[Brief descriptive captions]

= = = = = = =

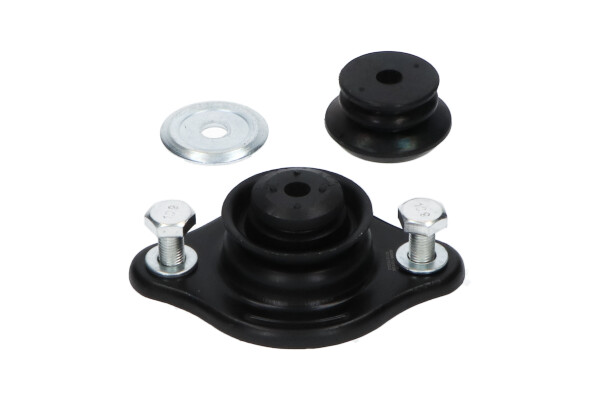 Supporto ammortizzatore a molla - SSM-10139 KAVO PARTS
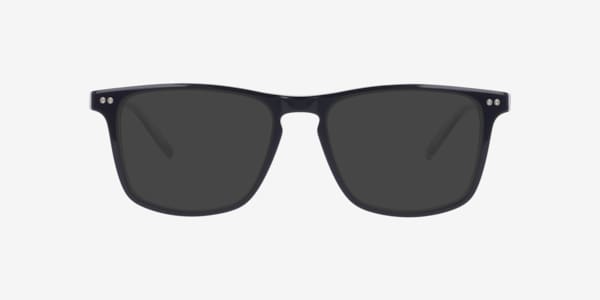 Blue TH 2189 -  Acetate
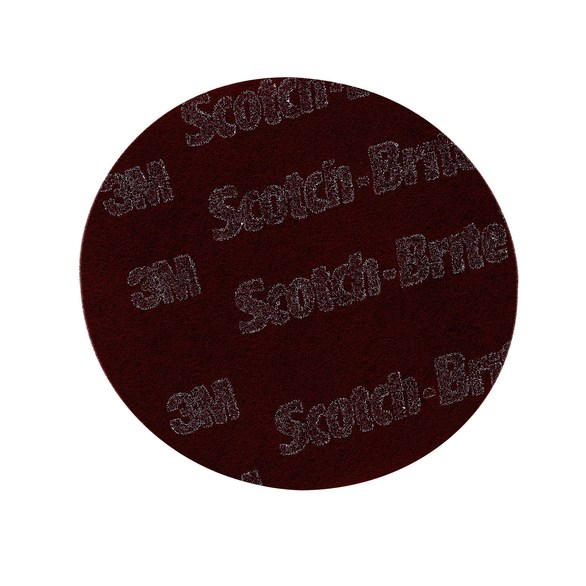 Image for 3M 7100048870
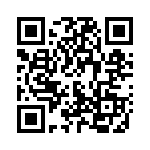 5000011F QRCode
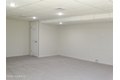 Additional image 17 of 540 Davids Ct, Lakewood, NJ, 08701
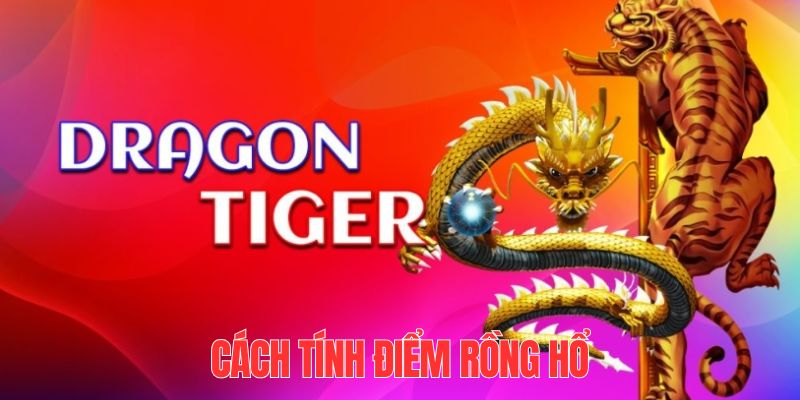 hit club Tài Xỉu
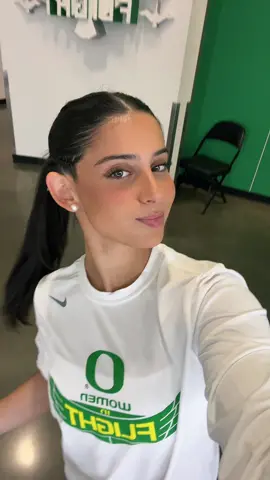 #fyp #foryou #goducks 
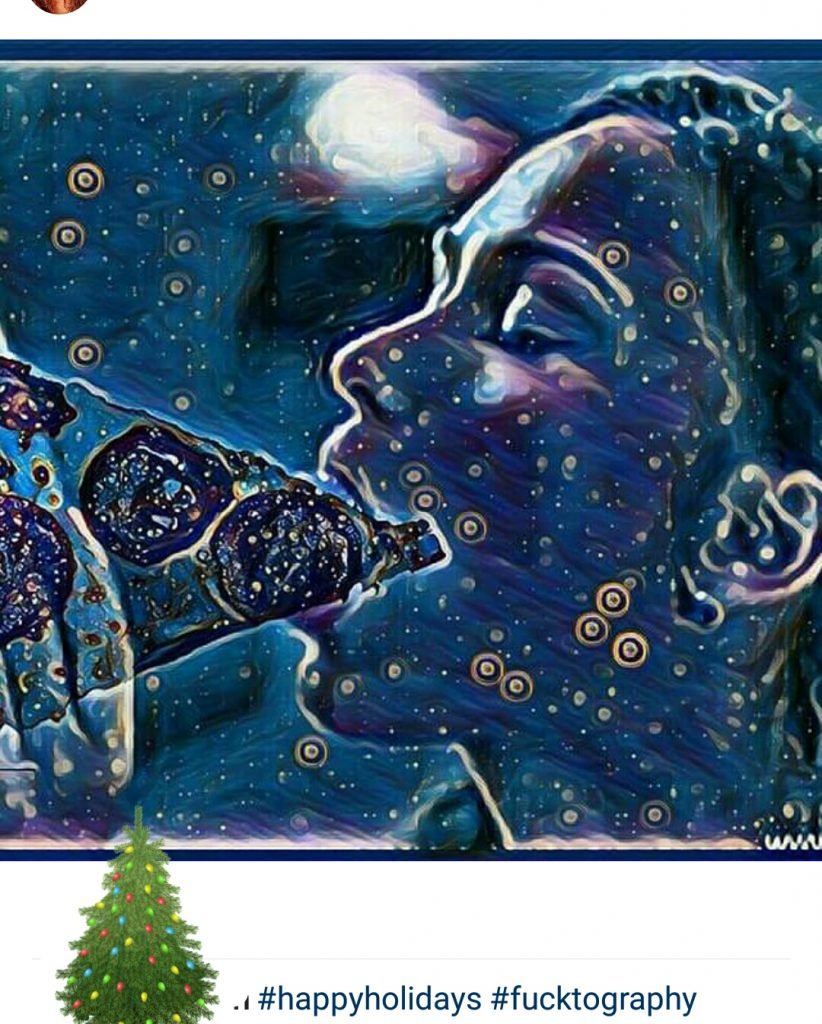 fucktography picart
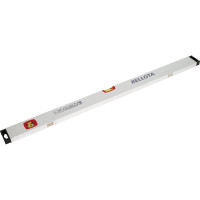 Уровень Bellota магнитный 50101 M-80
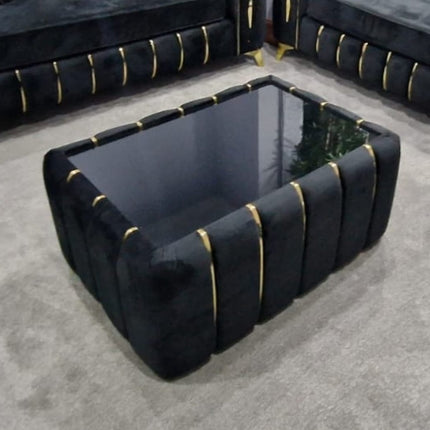 Dollar Sofa – Elegant & Durable Design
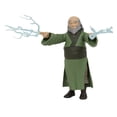 thumbnail image 1 of Figura de acción Diamond Select Toys Avatar Iroh de 18 cm, 1 of 1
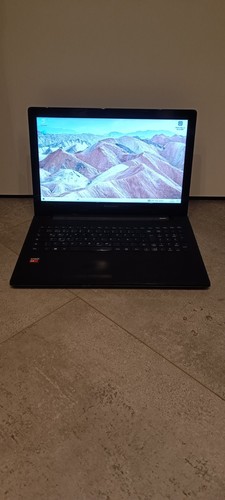 Lenovo g51 amd a8 - a8,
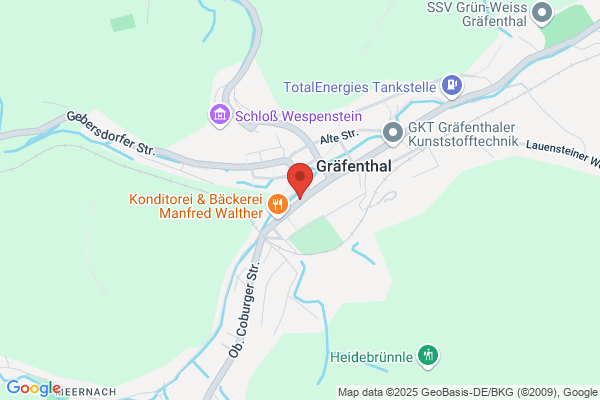 Heidrun Boxdörfer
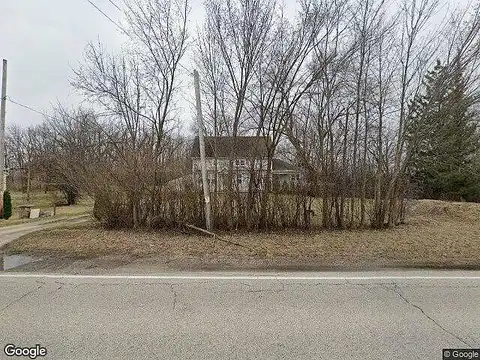 Durham, MUSKEGO, WI 53150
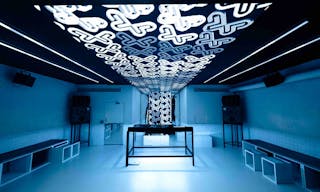 Espace �v�nementiel / Studio Photo avec �cran LED immersif g�ant et syst�me son Audiophile Paris 9�me - Image 0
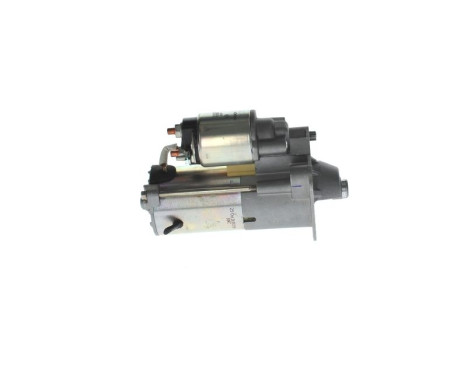 Starter Motor / Starter ST12V1,4KW(R) Bosch, Image 3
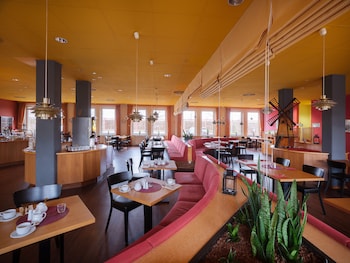 mercure hotel halle leipzig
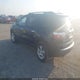 1GKKRNED4BJ228303 2011 GMC Acadia Sl auction photo thumbnail 3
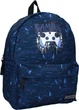 Рюкзак дошкільний Vadobag Skooter Gamers Unite (8712645312883) - зображення 1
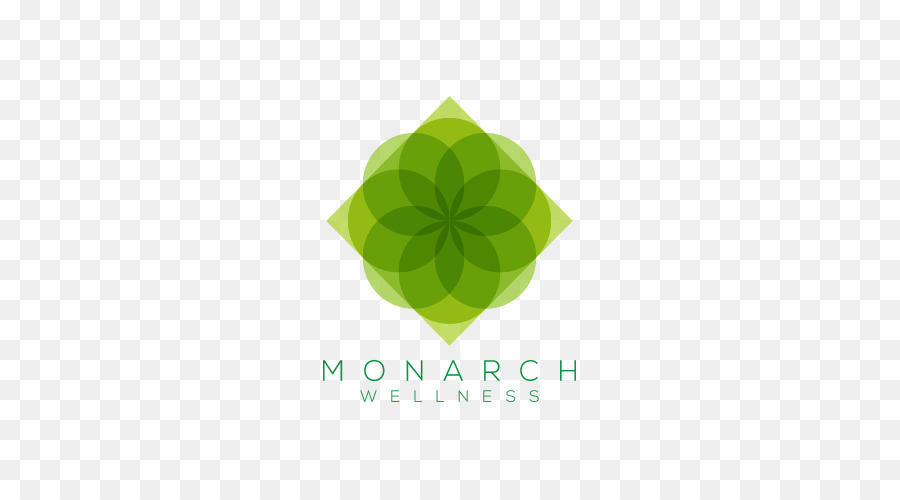 Logo Graphic design del Prodotto design del Marchio - geometrica logo del ristorante di design idee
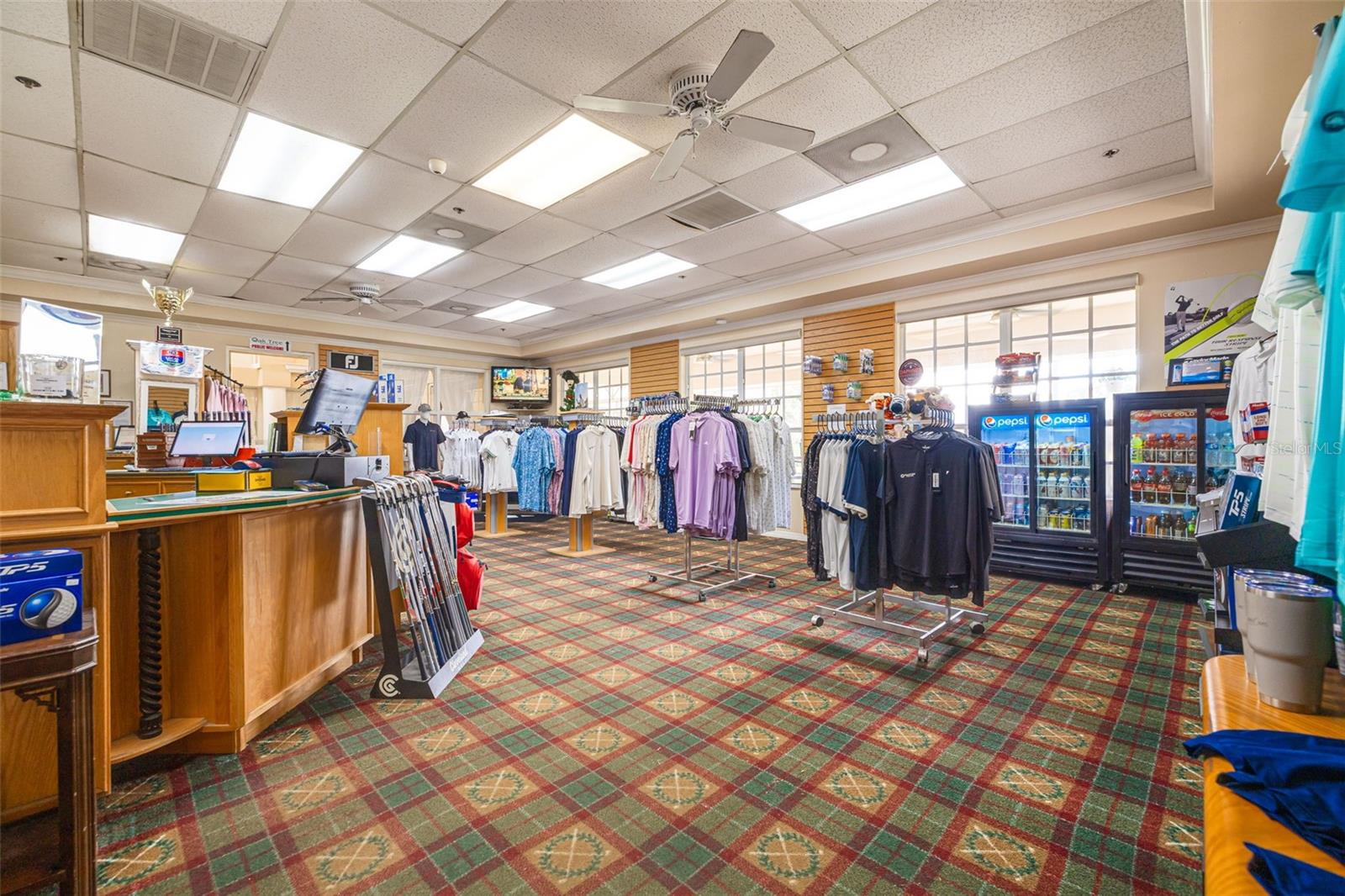 Image 49 of 60 For 1036 Dartford Drive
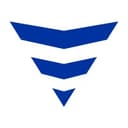 Fresenius Medical Care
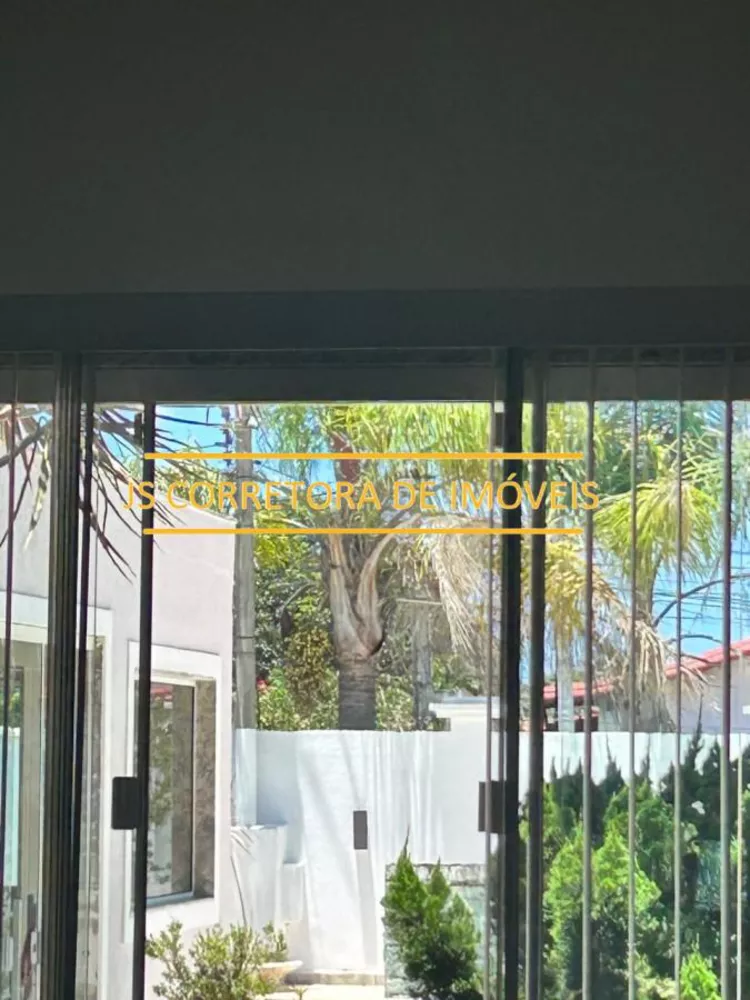 Casa, 3 quartos, 1000 m² - Foto 30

= = = = = = =

Once you find the line containing "mercure hotel halle leipzig", retype it and every line after it through the last line of the records above, exactly. Add nothing else, and leave out the pictures.

- **Solution to the problem**:
 mercure hotel halle leipzig
 1GKKRNED4BJ228303 2011 GMC Acadia Sl auction photo thumbnail 3
 Рюкзак дошкільний Vadobag Skooter Gamers Unite (8712645312883) - зображення 1
 Logo Graphic design del Prodotto design del Marchio - geometrica logo del ristorante di design idee
 Image 49 of 60 For 1036 Dartford Drive
 Fresenius Medical Care
 Casa, 3 quartos, 1000 m² - Foto 30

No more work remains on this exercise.